Towards Dynamic Barbarism

Towards Dynamic Barbarism

Professor Baran, says the dust jacket, “is probably the only Marxian social scientist teaching at a large American University.” It ain’t necessarily so; but that the Monthly Review editors should believe it is quite revealing. The book purports to be a Marxist analysis of the conditions of economic growth in modern capitalist and underdeveloped countries; but in fact it is a crude propagandist’s brief for the “Russian way.” So tremendous is the gap between this book and the careful scholarship of Marxian writers of an earlier generation—the Bauers, Hilferdings, Luxemburgs, and Bukharins, all of whom attempted to extend the range of Marxian analysis through a theoretical mastery of new facts and developments which had not been considered by Marx and his immediate disciples—that one might indeed believe, were one to take the blurb seriously, that we have come to the end of Marxian scholarship, its final decay into a lifeless Byzantinism. But this, of course, is not really so. What the Monthly Review calls Marxism is only a very special version of Stalinoid obscurantism.

Mr.

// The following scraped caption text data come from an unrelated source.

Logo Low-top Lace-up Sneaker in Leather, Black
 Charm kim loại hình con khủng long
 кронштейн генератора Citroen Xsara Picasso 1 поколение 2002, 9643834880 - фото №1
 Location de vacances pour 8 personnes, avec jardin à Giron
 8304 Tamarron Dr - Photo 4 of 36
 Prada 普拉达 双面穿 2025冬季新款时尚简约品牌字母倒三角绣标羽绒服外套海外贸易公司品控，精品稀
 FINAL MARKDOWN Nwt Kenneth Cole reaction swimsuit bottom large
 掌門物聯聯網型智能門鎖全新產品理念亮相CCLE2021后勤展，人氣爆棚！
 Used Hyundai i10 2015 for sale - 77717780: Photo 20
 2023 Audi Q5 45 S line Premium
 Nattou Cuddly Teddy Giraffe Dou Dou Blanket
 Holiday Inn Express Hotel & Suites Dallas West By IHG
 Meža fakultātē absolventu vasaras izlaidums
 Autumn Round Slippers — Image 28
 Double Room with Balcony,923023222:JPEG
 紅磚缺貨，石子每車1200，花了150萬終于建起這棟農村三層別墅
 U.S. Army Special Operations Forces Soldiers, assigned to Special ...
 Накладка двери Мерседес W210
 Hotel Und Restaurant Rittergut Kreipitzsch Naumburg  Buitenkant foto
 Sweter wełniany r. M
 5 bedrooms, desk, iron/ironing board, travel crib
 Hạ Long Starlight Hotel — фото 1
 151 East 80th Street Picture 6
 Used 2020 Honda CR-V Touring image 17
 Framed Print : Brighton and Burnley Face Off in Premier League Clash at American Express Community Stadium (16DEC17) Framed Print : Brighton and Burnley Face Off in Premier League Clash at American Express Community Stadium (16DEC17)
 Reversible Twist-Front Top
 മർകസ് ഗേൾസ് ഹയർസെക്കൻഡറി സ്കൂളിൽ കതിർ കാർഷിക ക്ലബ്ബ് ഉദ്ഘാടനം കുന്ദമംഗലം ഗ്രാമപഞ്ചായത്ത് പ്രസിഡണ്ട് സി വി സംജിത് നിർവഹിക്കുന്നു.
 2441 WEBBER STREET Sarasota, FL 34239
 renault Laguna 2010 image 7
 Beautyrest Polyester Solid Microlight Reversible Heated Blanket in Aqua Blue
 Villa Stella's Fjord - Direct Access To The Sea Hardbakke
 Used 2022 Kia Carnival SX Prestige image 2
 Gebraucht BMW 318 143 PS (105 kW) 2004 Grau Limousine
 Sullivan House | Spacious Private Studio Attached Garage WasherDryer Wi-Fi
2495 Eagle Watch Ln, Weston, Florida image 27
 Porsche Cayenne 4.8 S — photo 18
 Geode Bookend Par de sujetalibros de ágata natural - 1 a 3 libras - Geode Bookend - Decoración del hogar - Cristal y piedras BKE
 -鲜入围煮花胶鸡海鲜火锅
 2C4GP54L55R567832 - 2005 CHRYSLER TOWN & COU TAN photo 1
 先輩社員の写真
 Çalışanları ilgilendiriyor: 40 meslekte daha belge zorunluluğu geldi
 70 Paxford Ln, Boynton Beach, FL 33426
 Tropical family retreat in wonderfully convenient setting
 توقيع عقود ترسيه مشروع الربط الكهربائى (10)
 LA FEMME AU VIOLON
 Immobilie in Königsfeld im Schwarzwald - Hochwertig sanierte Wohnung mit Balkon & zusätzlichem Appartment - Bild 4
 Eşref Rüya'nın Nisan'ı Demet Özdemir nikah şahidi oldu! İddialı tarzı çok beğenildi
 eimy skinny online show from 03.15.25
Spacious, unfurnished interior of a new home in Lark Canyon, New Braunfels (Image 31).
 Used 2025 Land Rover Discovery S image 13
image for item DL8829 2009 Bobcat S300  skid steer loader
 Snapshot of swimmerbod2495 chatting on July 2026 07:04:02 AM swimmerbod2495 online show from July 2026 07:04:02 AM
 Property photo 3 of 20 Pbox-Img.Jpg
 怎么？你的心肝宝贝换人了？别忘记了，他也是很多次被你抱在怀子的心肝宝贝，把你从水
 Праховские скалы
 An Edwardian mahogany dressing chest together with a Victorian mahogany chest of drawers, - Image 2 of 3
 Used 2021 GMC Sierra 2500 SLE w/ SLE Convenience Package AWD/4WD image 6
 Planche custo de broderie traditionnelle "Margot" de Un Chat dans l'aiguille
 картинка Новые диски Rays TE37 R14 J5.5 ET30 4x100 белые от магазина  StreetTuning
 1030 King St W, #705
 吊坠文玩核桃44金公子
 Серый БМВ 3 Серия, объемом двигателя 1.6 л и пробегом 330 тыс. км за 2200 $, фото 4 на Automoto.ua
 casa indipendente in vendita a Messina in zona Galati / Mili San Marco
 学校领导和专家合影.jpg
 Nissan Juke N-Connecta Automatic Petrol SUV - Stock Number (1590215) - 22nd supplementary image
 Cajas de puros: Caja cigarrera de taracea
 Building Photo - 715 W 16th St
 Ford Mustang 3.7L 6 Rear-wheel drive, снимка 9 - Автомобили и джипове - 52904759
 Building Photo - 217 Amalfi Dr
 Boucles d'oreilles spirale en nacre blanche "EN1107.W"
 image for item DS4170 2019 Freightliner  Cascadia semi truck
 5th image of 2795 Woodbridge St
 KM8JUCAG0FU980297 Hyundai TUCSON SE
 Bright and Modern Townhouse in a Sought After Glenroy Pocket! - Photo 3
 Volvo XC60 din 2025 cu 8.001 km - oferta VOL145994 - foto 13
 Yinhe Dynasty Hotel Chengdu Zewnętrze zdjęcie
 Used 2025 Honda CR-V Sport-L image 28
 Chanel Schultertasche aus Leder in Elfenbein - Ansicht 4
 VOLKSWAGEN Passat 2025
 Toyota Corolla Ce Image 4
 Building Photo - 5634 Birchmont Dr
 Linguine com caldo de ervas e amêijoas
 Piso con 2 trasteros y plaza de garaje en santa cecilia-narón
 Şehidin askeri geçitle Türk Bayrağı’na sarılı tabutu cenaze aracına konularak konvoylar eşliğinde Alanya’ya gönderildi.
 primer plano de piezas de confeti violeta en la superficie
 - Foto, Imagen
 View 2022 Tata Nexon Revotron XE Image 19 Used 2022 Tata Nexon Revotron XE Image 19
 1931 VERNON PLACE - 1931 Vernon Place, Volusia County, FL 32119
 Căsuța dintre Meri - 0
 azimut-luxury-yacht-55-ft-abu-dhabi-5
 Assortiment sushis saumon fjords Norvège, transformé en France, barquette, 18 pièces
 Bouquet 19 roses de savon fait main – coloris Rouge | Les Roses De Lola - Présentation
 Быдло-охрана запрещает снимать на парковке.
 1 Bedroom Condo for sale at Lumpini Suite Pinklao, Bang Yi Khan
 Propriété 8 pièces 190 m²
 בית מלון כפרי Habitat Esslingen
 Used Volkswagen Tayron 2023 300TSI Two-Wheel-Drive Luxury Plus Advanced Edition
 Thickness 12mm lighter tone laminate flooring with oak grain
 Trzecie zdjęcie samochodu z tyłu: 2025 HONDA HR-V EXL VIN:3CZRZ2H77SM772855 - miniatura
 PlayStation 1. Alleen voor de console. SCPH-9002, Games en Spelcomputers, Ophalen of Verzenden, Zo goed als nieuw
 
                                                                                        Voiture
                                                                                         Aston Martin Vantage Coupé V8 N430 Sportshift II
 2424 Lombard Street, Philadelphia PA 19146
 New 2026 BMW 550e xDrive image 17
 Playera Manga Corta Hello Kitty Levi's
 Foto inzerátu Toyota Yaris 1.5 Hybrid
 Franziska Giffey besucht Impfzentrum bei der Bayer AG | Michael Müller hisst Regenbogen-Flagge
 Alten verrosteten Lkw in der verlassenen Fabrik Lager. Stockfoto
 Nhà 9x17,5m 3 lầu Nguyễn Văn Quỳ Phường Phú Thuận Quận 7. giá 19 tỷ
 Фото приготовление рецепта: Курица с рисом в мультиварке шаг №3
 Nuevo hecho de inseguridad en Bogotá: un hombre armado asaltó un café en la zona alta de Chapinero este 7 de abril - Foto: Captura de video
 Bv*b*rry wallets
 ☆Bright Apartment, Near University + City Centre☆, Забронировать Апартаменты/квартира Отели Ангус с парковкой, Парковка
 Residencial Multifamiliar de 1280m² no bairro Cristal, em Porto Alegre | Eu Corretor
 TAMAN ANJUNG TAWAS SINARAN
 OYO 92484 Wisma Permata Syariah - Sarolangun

Baran’s main thesis is easy to summarize: monopoly capital, controlling the destiny of imperialist countries, is hostile to economic developments in underdeveloped countries, and the ruling classes in the United States and elsewhere are bitterly opposed to the industrialization of the colonial and semi-colonial world. Hence the only chance for underdeveloped countries is to join the “socialist countries” which will give them economic assistance and will teach them the techniques of rapid industrialization that have been applied in Russia, China and the European satellites.

In reading this book one acquires a sense of claustrophobia. In this closed universe of discourse one again and again reads quotations from the Fathers, one hears the pious mumblings of the True Believer as he reels off the beads of the Marxist rosary, but one finds no sense of reality, nor awareness, moreover, of the vast non Marxist literature on the subject. In recent years a number of study centers have been established both here and abroad for the special purpose of investigating underdeveloped countries. A vast specialized literature has grown up; yet one looks in vain for any evidence that Professor Baran has ever consulted it. No doubt a fair number of pro-imperialist apologists operate in the groves of academe, but only a self-induced paranoia can seriously maintain that there are only apologists.